After my dotty shirt I thought I would like to try a large area design. You don’t see these often in RTW fashion because fabric with very large repeats is hideously uneconomical to cut with a commercial process or it has to be pieced which is tricky to sew and therefore expensive. When you do see large area prints it is usually in the $$$ price bracket to allow for this. Here is an linen vest designed by Cynthia Ashby for the Artful Home, for the cool crowd at a cool $288.
Of course hand painting is ideal for these types of designs, so here is my first go at this.
I drew the outlines of the coloured shapes onto the fabric with an ordinary pencil and then coloured them in with thickened dye. I didn’t quite get the waves to meet perfectly at centre front and at the shoulder seams, although I tried. Next time I will need to measure and put in a couple of reference points instead of doing it freehand.

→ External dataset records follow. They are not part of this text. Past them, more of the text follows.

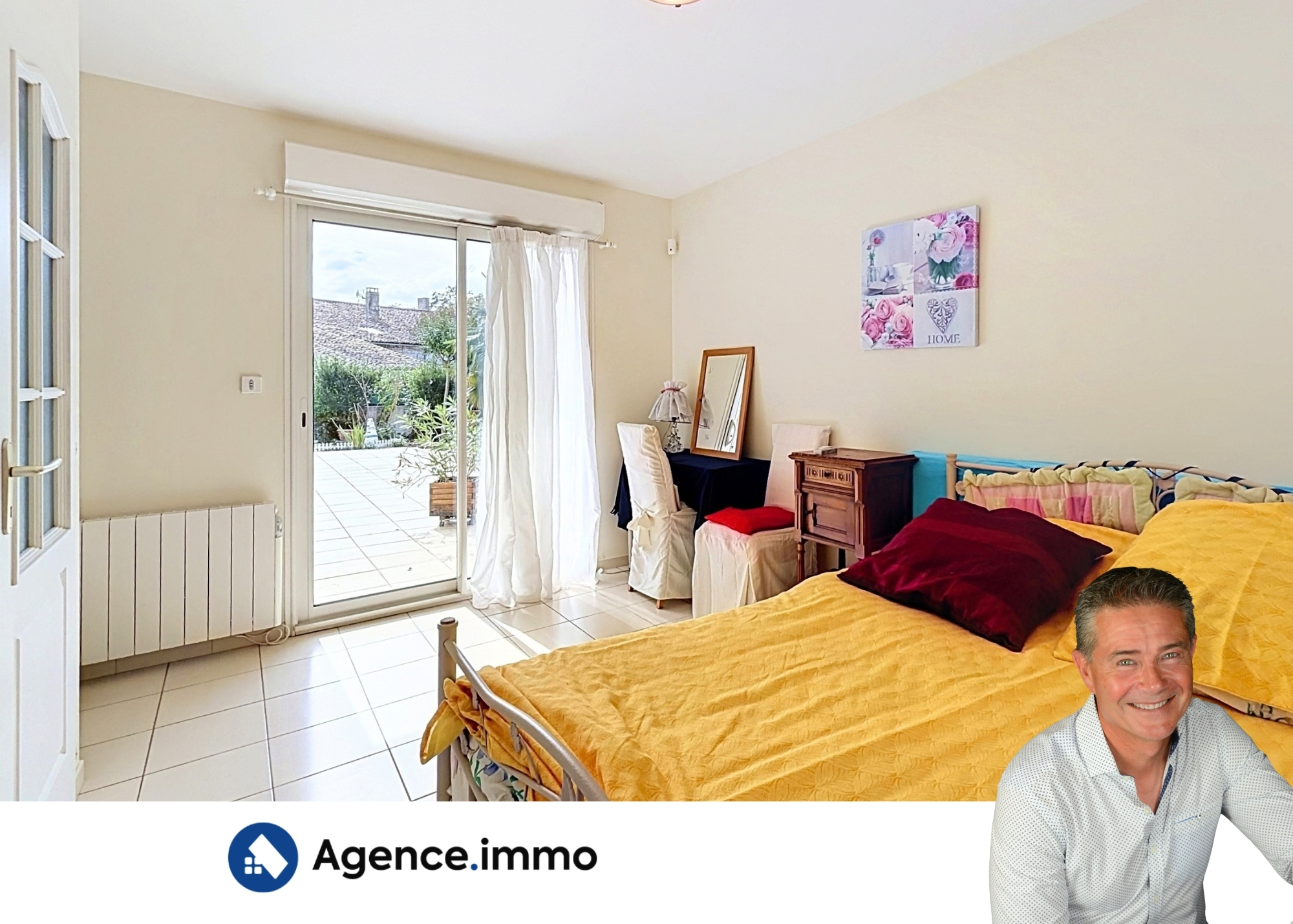 Photo 13 — AGENCIMMO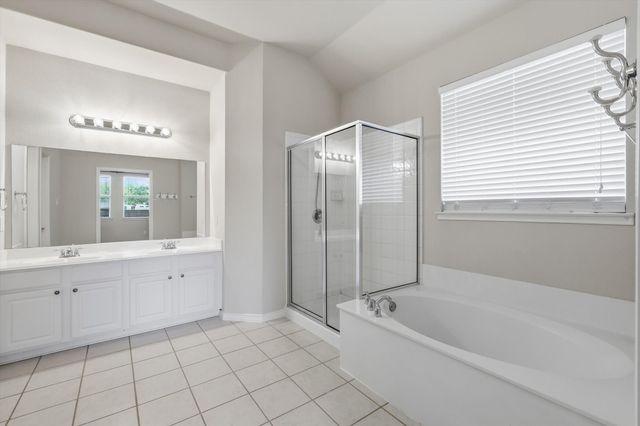 9637 Timber Wagon Drive, Mckinney, TX 75072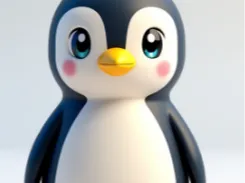 printmon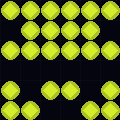 37.205.26.13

Then there was the painting. I used linen fabric which has quite a rough surface and painting the hard outlines of my shapes with a brush was slow and frustrating. You tend to get broken outlines which I didn’t want, so I used a very small, hard brush to get a hard edged line. It was painstaking work, load the brush, paint a cm or two before the line peters out, reload the brush. Next time I will cut a guide out of stencil material which will allow me to use a larger brush, which will make this much easier and quicker. I know that stencils give a nice clear outline with thickened dye on dry fabric, but don’t think that I need a stencil for the whole shape, just for the edge. This uses less of the stencil material, which is a consideration because I am down to my last sheet and getting more during lockdown is difficult. I could use sticky tape, but that is very geometrically straight, not a nice organic hand drawn line. Or maybe I could use a permanent marker??? — Radical, but worth trying. Not sure how it will wash but then there are special markers for fabric which are supposed to last.
Once you have done the outlines, you can use a large brush to slap on dye in between them which is ridiculously fast and easy. I used two different blues for a little extra interest. At the end I brushed over the colour blend areas with water to get them to flow into each other. I should have used soda ash solution to fix more of the paint as a lot washed out. Still, it looks ok and the colours won’t wash out any further.
When the painting of all the garment pieces was finished I covered the wet fabric and left it overnight, then washed it out,and dried it before sewing it up. With the medium weight linen there was some fraying at the edges, so sewing it up before washing it might have been better.
The fabric used was more of the Ikea linen curtain I used for the spotty shirt. It is 2.5m x 150 wide and there is still enough left for a boxy top, so 2 shirts and a top is not bad for an outlay of $24. Great for my experimentations when I don’t want to risk expensive material. The pattern was again the Cap Sleeve Shirt from the Assembly Line, slightly modified this time. The details are as usual on PatternReview.
https://sewing.patternreview.com/review/pattern/177527
Painting Notes
- Fabric was medium weight, 100% linen from an Ikea curtain.
- Soaked the linen in soda ash solution (1/2 to 1 cup per 4L water), hung up to dry leaving the soda ash in the fabric. I left if for more than a week, which makes the linen beautifully soft and drapey.
- Painted with Drimarene K (you could use Procion MX if easier obtainable) thickened with sodium alginate gel. Mix 1-2 teaspoons of sodium alginate powder per 250ml of water in a blender. Leave overnight for bubbles to subside.
- Pour enough gel for painting job into a bowl, add Drimarene K powder and mix. Brush onto the fabric.
- Cover to keep dye wet and leave overnight to cure, then wash out and sew up.